# Out of my mind for a Howler...Can you help?



## dfisher (Oct 12, 2007)

Hi,
Just going out of my mind to get a howler and give it a try. Can anyone give me some help on choosing one that is fairly easy to blow...well...easy to blow and make sound like something a coyote does?

I know absolutely nothing about howlers, though I was eyeballing a...I think it was a...SongDog on the Internet yesterday and it looked like a very nice and well made call. Is that open reed easy to blow for a beginner or would something else be a little better?

Thanks for the help,
Dan


----------



## Fallguy (Jan 23, 2004)

Song Dog is a good call. It can do everything- howl, distress, ki-yi.

I also like the Red Desert Howler by Dan Thompson, although you will have to work the reed to get it to it's potential. Don't get a Primos Hot Dog...it is a rip off of the Red Desert.

Or get a custom howler. Often you can get them for close to the same price as a factory one, and the maker will fix any problems with it and tune it for you. I recommend Tony Tebbe (TT Predator Calls). I have bought 3 calls from him and he makes a good product. Do a search for his information. You may also want to PM Rich Cronk on here. I have been looking into getting one of his calls for a few years.


----------



## kdog (Mar 13, 2007)

Like Fallguy siad, the Red Desert is my choice. The song Dog is a great call, but I don't use it as a howler. I love it for rabbit distress and KiYi. I'm sur the Rich Cronk custom howler would be well worth the money as well, and I'll probably try one myself.

Good shopping! :beer:


----------



## dfisher (Oct 12, 2007)

Yea, like I said in the posts, I don't know much about them and want something easy to operate. I will look into those custom calls.
Thanks 
Dan


----------



## kevin.k (Dec 31, 2005)

i am also looking into getting a new howler i have the hot dog, and the crit R call magnum.

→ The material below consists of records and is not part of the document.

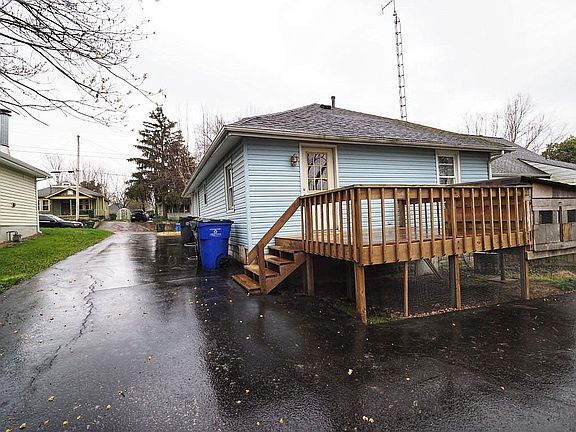 5th image of 353 Bassett Ave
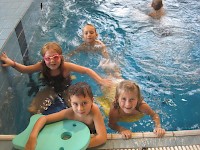 Druháci absolvovali plavecký výcvik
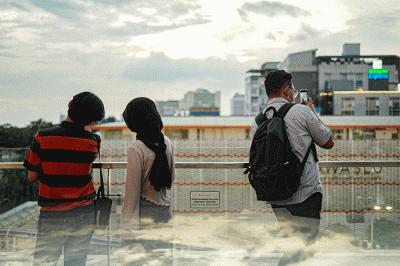 Pengunjung saat berswafoto dengan latar belakang gedung bertingkat di Skydeck Mal Sarinah, Jakarta Pusat, Rabu (23/3/2022).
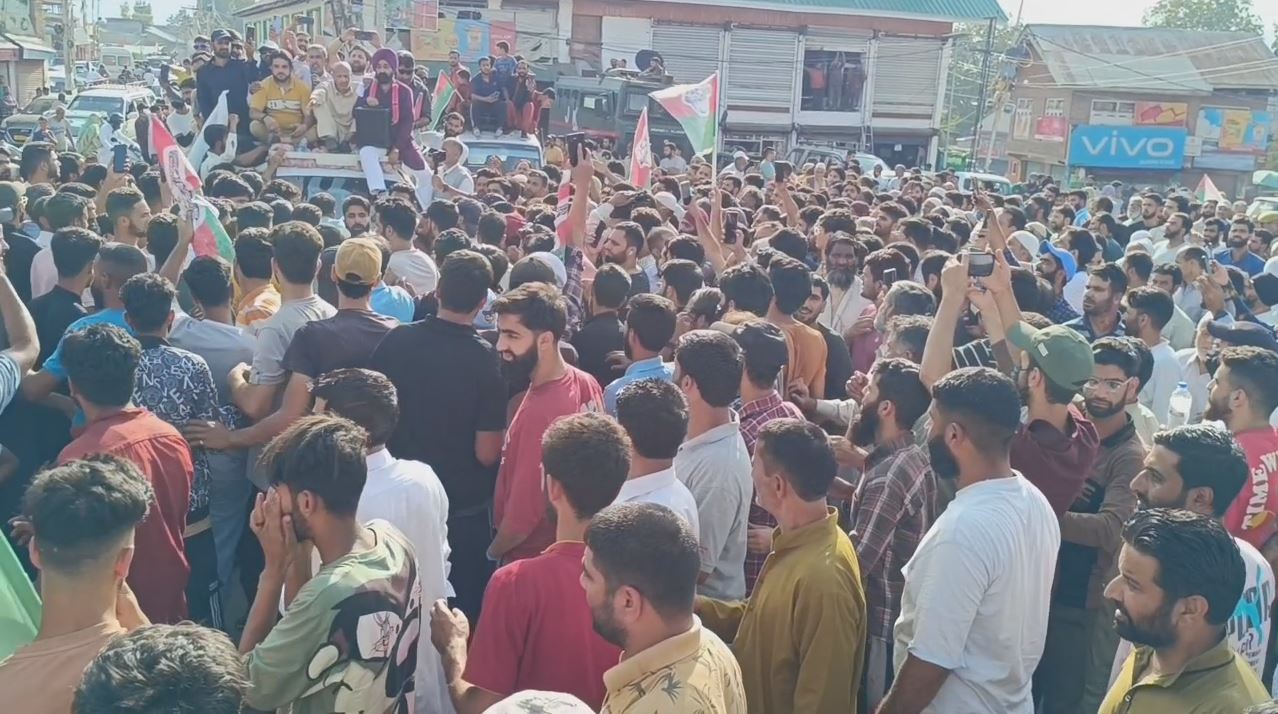 After the alliance with Jamaat e Islami, Awami Ittehad Party powerful show in tral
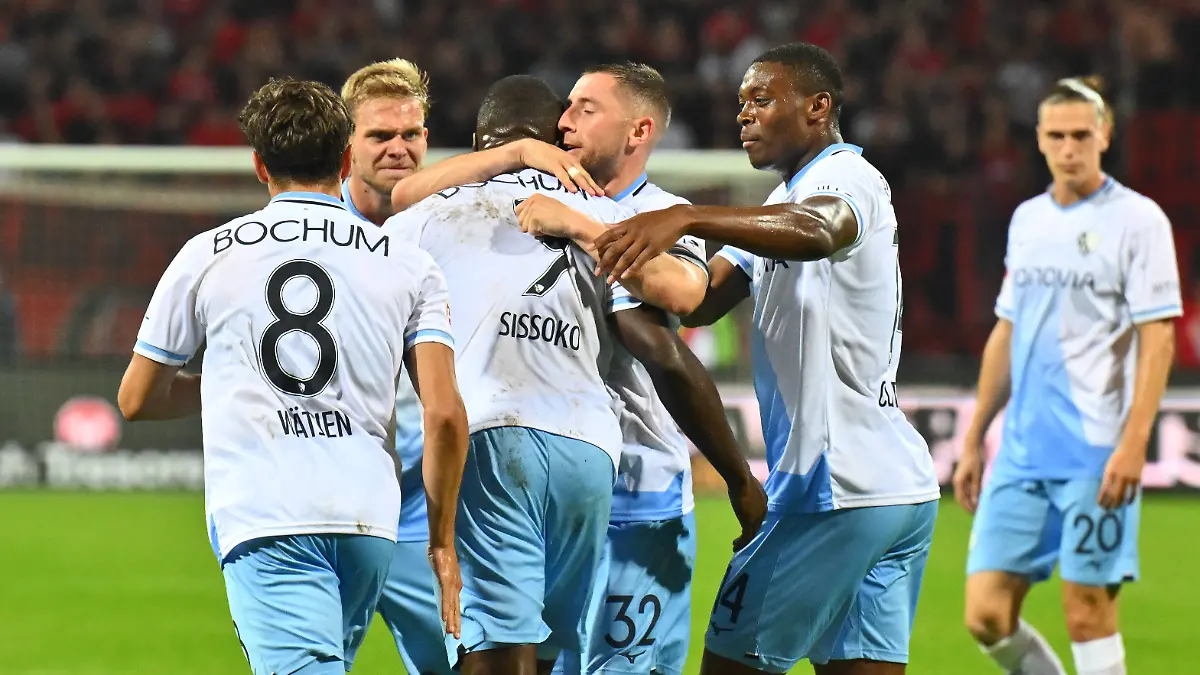 RTL überträgt das Topspiel der 2. Bundesliga VfL Bochum gegen Fortuna Düsseldorf LIVE in TV und Stream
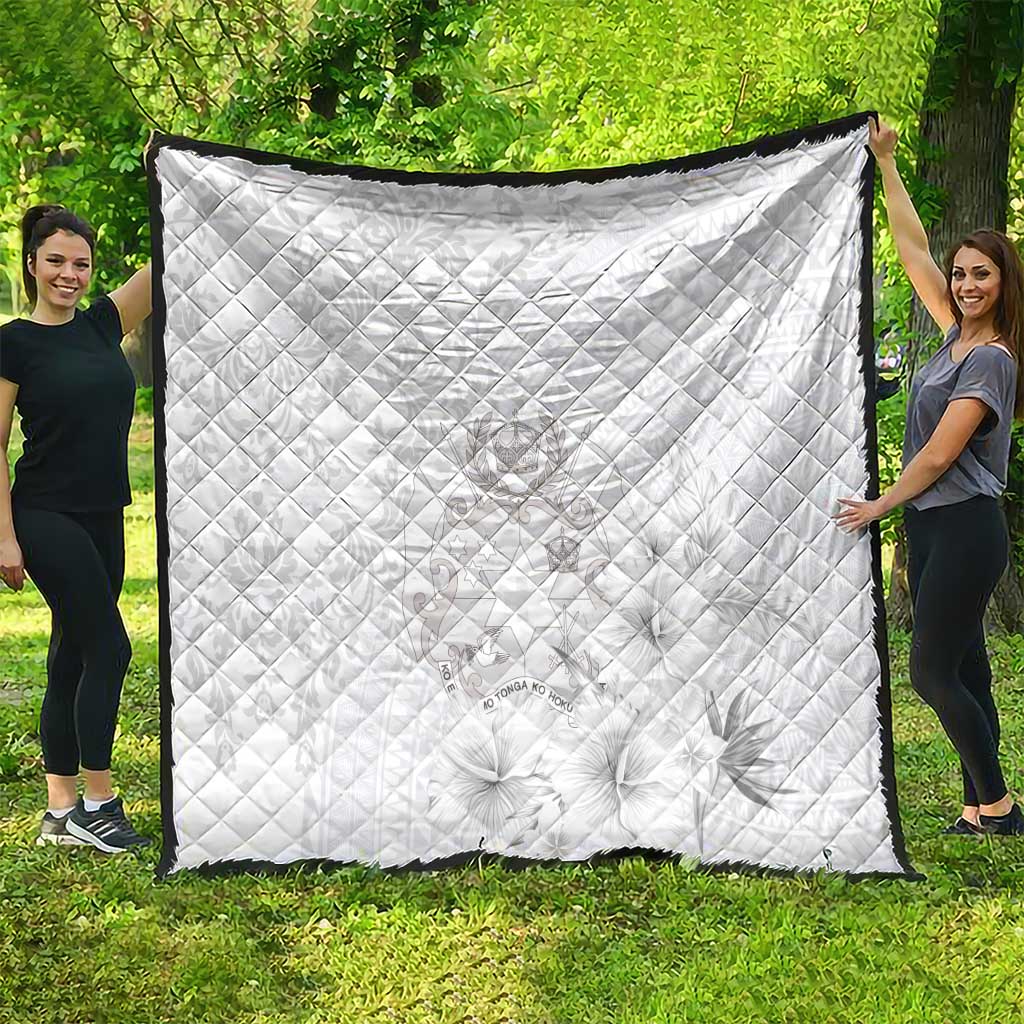 Tonga Faka Sepitema Quilt Ngatu and Floral Pattern with Blooming Hibiscus LT03 - Polynesian Pride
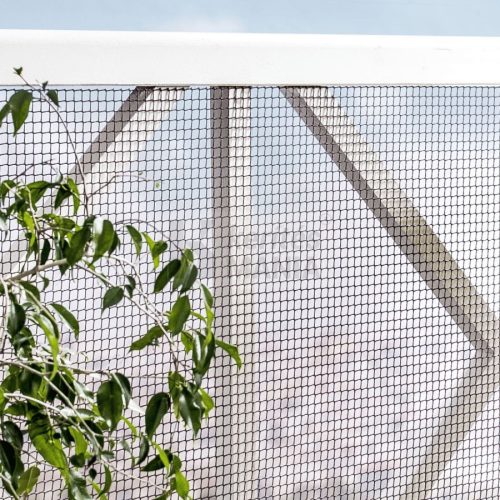 Műanyag rács fekete, lyukméret 5x5mm, 1x25 m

i wana get the red desert, and possibly the song dog , or the primos lil dog i heard is a pretty good mid range howler


----------



## dfisher (Oct 12, 2007)

Does anyone know anything about Jerry Hunsley's line of calls? I see him on here now and then and was checking in at Schee's and noticed one of his calls there. Any experience with these?

Thanks,
Dan


----------



## Rich Cronk (Nov 8, 2007)

Jerry Hunsley does in fact make good howlers. http://www.wileyonepredatorcalls.com/


----------



## bud69652 (Feb 6, 2006)

Red desert howler is the way to go.


----------



## johngfoster (Oct 21, 2007)

Another happy Red Desert Howler owner. Easy to bark with it, and with practice you can make some very realistic coyote howls and sounds.


----------



## 308 (Jul 10, 2007)

I like the primos hotdog :beer:


----------



## SDHandgunner (Jun 22, 2004)

Probably the EASIEST TO BLOW howler I have ever used is the Zepp's 1080. Woodswise used to make a howler identical to the Zepp's. I took the mouth piece from my Woodswise Howler and placed it into the barrel (megaphone) from my Randy Anderson / Primos Hot Dog Howler (couldn't blow the Hot Dog with the mouth piece it came with) and now have what I consider the easiest to blow howler I have ever tried.

But then I have been itchin to try the one from While One Predator Calls, and also one of Rick Cronk's Howlers. Maybe if I talk nice to Mrs. Santa she'll get me one or the other for Christmas.

Larry


----------



## multistage (Nov 4, 2007)

Red Desert Howler from Dan Thompson or Cedar River Howler from Tony Tebbe. Both are excellent.


----------